So. People who read the appendices first or are re-reading will know what's up, but first time readers won't know any of the aforementioned names, and still not be sure of his ancestry until page 240 when it is dramatically revealed to the Council. Though even I am picking up a lot more of the details this time through that I have before. Interesting how a few more years of education in literary analysis and an outside reason to go over it with a more critical eye are bringing much more to the surface this time around. I wonder what I'd pick out now if I went over The Chronicles of Narnia again? I read those at least as many times as the Lord of the Rings when I was little.

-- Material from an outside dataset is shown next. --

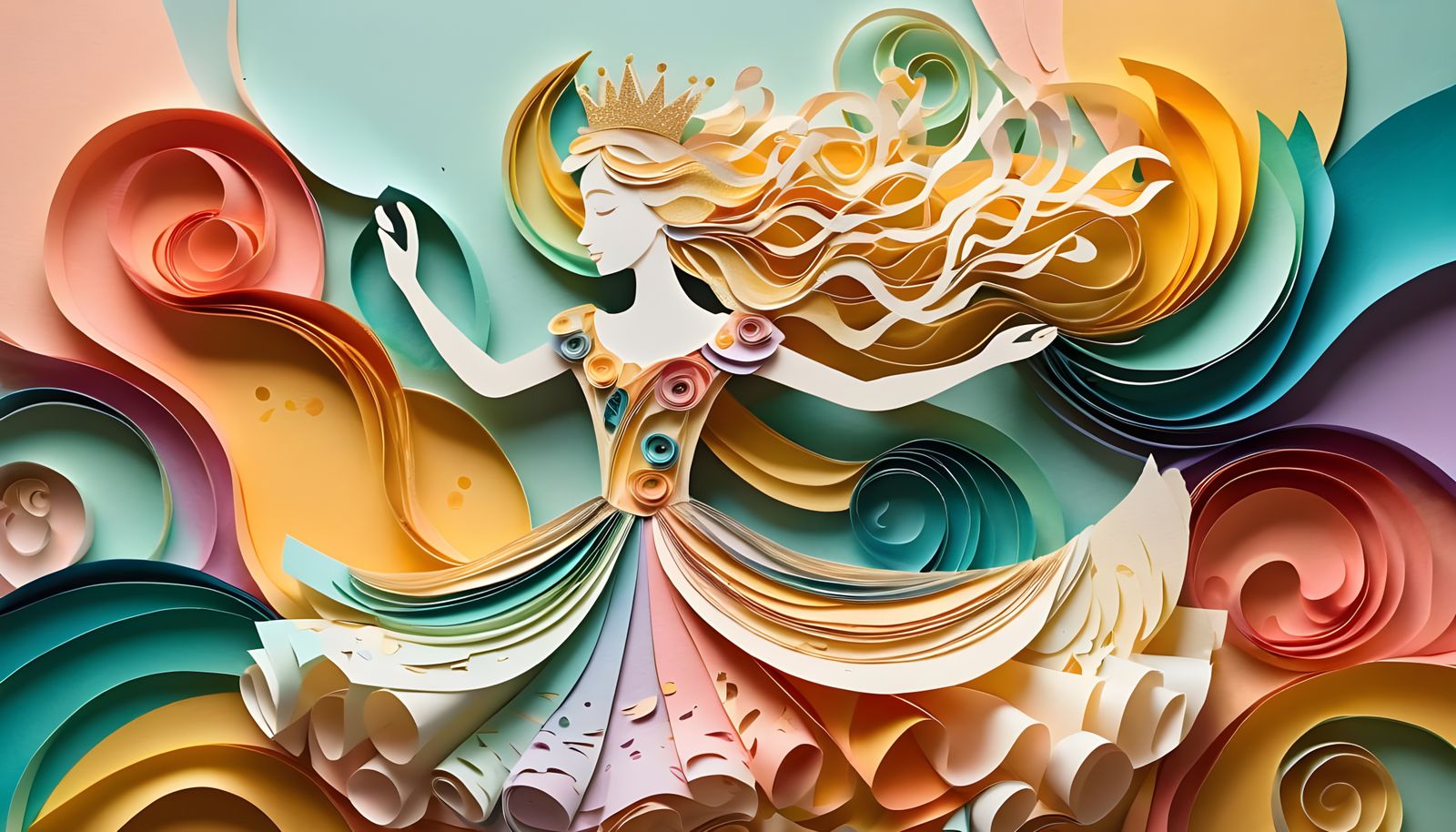 Vibrant Paper Princess Swirls in Whimsical Dance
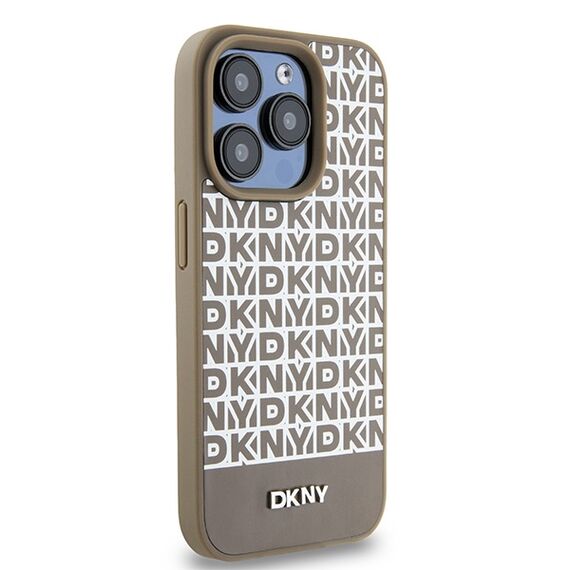 DKNY Leather Printed Pattern Metal Logo MagSafe Case for iPhone 15 Pro Max - Brown | Techbox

Back to the theme of 'chance': it snags Merry next, on page 170, whilst he was out wandering during the other hobbits' conversation with Strider. He saw a black shadow, and followed it; when Strider called the act brave, he said: 'Neither brave nor silly, I think. I could hardly help myself. I seemed to be drawn somehow.'

He got close enough to overhear one of the human spies (Bill Ferny) talking to one of the Black Riders. While the Rider noticed him afterward, and nearly did away with him before one of the Inn's employees found him, I wouldn't think it likely that the Rider was pulling him in to begin with; why would it want to be overheard? And indeed, it was Merry's eavesdropping that led them to switch rooms, and so they did not perish in the night.

Another interesting development came on pages 198-199, when Frodo lay half-dreaming due to his Morgul-blade wound, and imagined that '... endless dark wings were sweeping by above him, and that on the wings rode pursuers that sought him in all the hollows of the hills.' Yet another true-dream? Certainly the Ring-wraiths ride winged steeds in future books in search of him, but at that point in time, they were still all a-horseback.

Destiny sticks another couple of toes in the water during the Council. On page 236, Elrond says: 'That is the purpose for which you are called hither. Called, I say, though I have not called you to me, strangers from distant lands. You have come and are here met, in this very nick of time, by chance as it may seem. Yet it is not so. Believe rather that it is so ordered that we, who sit here, and none others, must now find counsel for the peril of the world.'

Then on pages 239-240 we find out that Faramir dreamt several times that someone should go to Imladris (Rivendell) for counsel, and Boromir once; that is why Boromir is present. I found it interesting that Faramir seems to have dreamt it first, and most often, but that Denethor their father did not cave until Boromir, the favored son, also had the dream. Like Frodo's dreams seem to be, it too was prophetic in nature. I wonder if anyone would have come at all if the dream had come only to Faramir?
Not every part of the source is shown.